Edilberto conta que todos os trabalhadores sofreram nos últimos 20 anos com o processo de abandono do mercado. Para ele, a ausência de políticas foi uma estratégia da prefeitura de Belém para poder repassá-lo para a iniciativa privada.
"O antigo gestor e o atual gestor não fizeram absolutamente nada. Veio se degradando até chegar ao ponto que chegou, e nós temos, inclusive, a impressão de que isso foi proposital, já que só a prefeitura pode fazer algum tipo de reforma aqui, uma vez que o prédio é tombado pelo município. A gente tem a impressão de que foi uma coisa que quiseram fazer para que chegasse ao ponto que chegou agora e a prefeitura dizer: 'nós não temos recursos, então, vamos entregar nas mãos de uma empresa privada que vai poder fazer o que quiser'. Só que essa empresa vai poder fazer o que quiser, inclusive, com os trabalhadores. Esse é o nosso grande temor", afirma.

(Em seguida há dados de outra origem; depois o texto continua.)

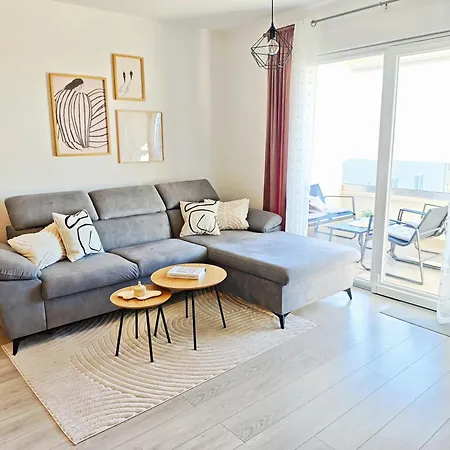 Apartamento Riviera Makarska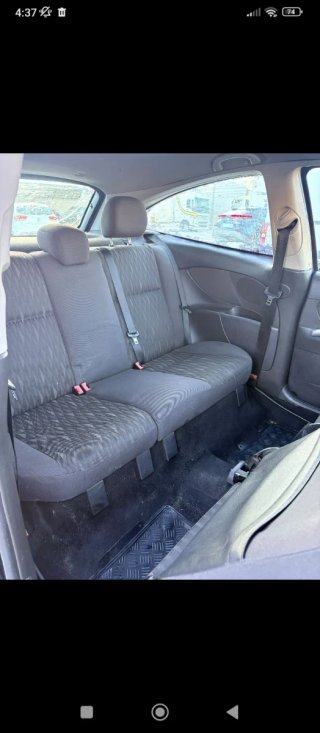 Ford Focus 2004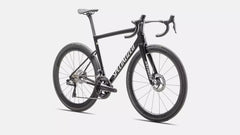 Bicicleta Ruta Specialized Tarmac SL8 Pro Carb/MetWhtSil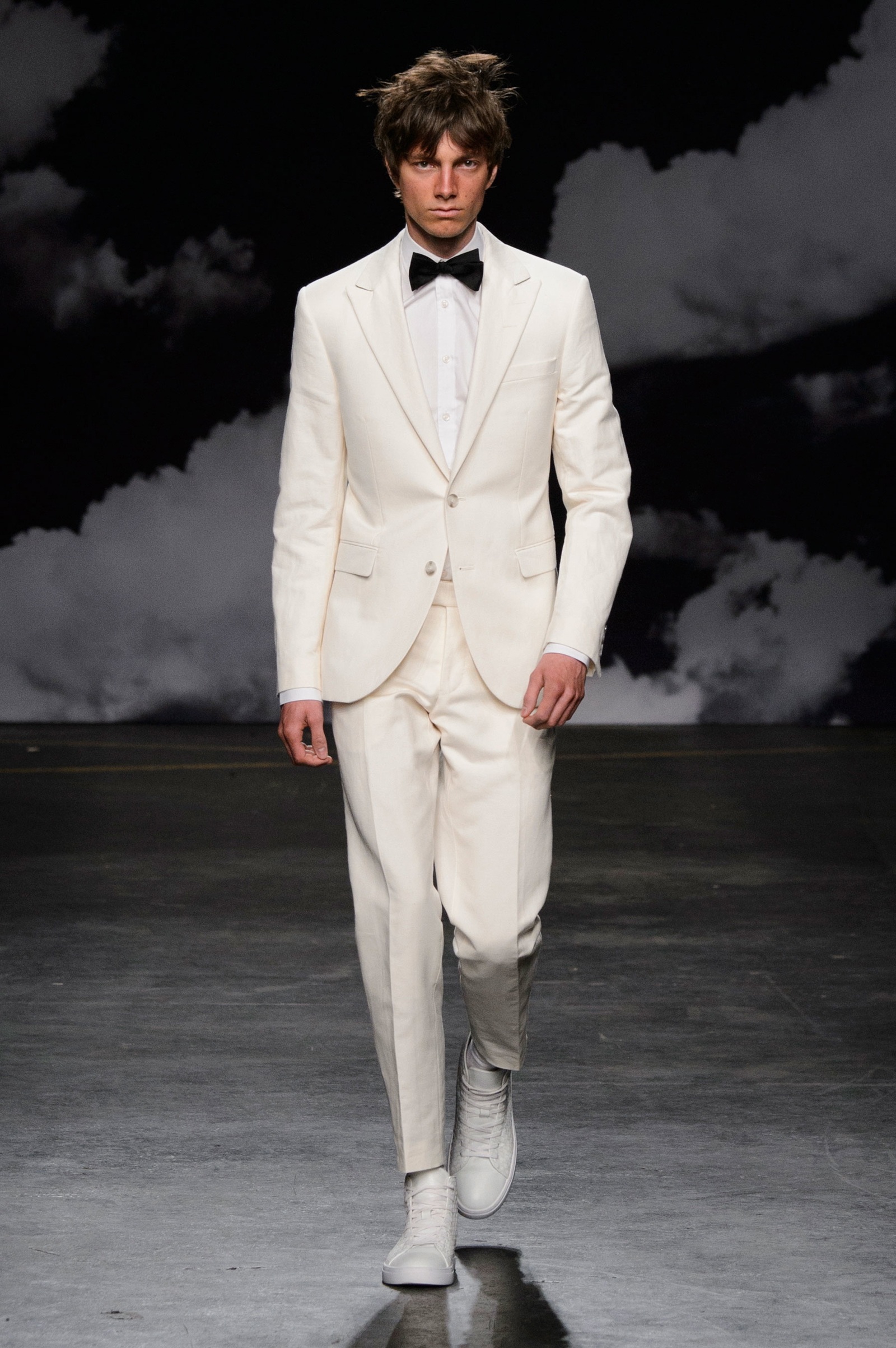 » Tiger of Sweden Spring/Summer 2016 | London Collections: Men Tiger of Sweden Spring Summer 2016 London Collections Men 003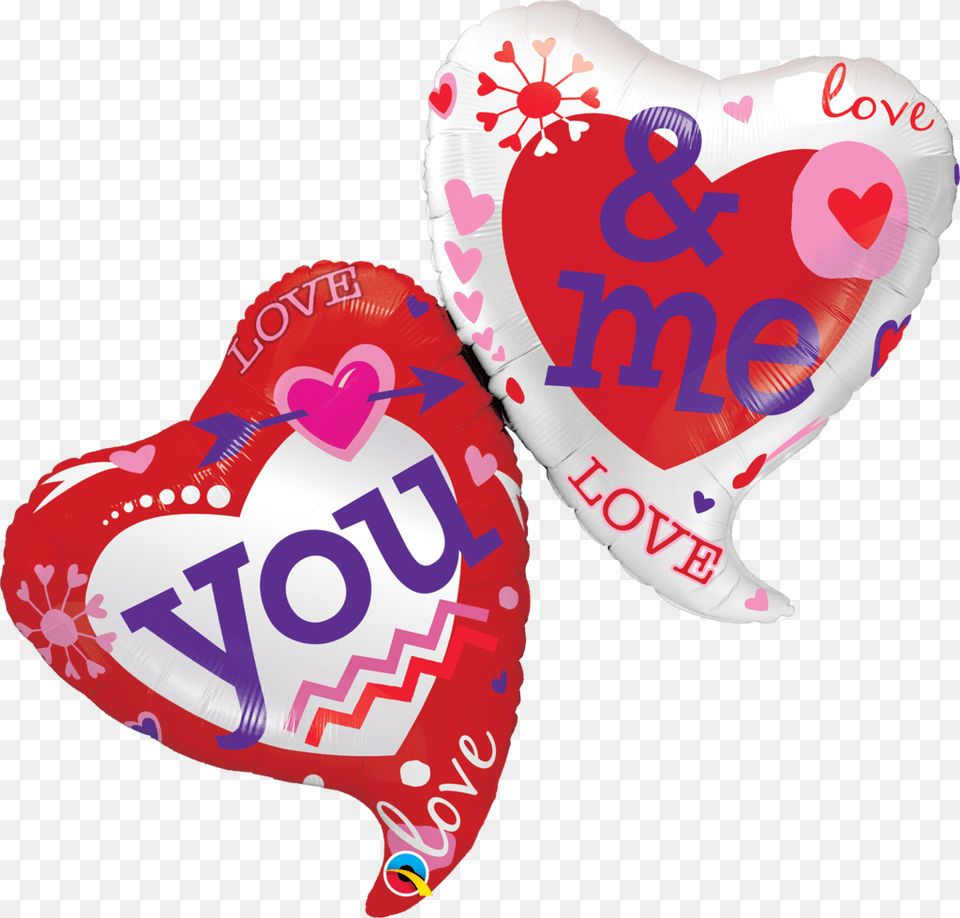 Heart, Balloon Free Transparent Png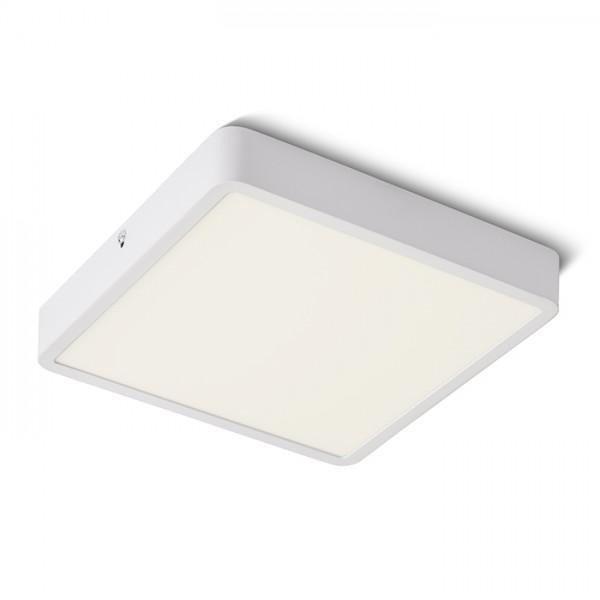 HUE SQ 22 mennyezeti lámpa fehér 230V LED 24W 3000K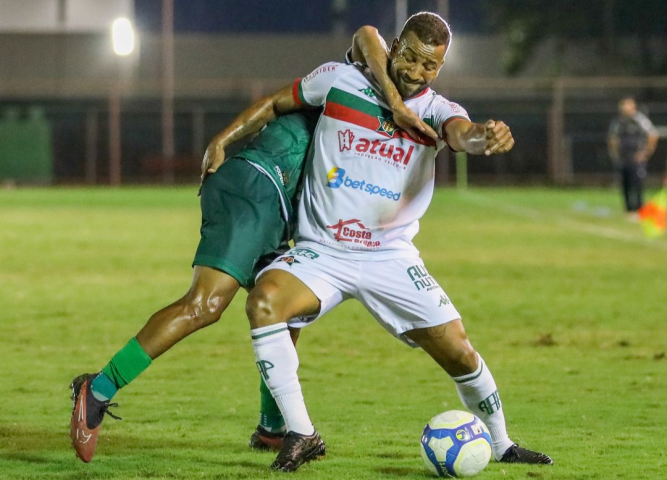 Tudo igual na Ilha do Governador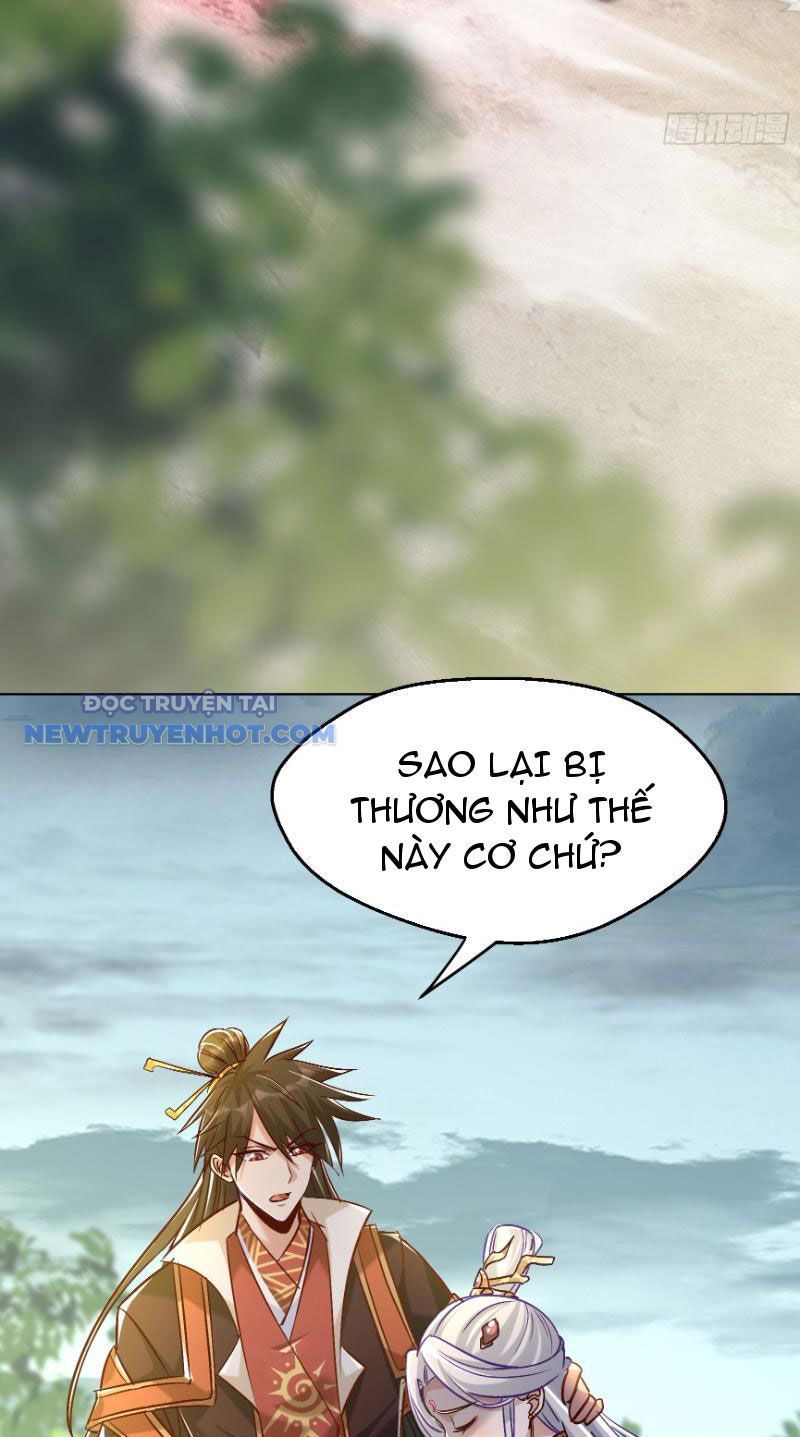 Thần Thiên Chí Tôn chapter 41 - Trang 10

O historiador Michel Pinho explica que o Mercado de São Brás sempre foi um local para atender a população, mas que uma privatização geraria uma segregação que pede a reflexão: os espaços da cidade estão sendo construídos para quem?
"O Mercado de São Brás é o que sempre foi: um mercado popular para atender a expansão da economia da borracha no início do século XX. 100 anos depois, ele continua lá, da mesma forma, atendendo pessoas das proximidades de Canudos, das proximidades de São Brás, do Guamá. Tem batalha de rap lá. A minha preocupação é com a privatização do espaço. A quem ela interessa? Quais são as camadas sociais que têm condições de usufruir de um espaço privatizado e gourmetizado?", questiona o historiador.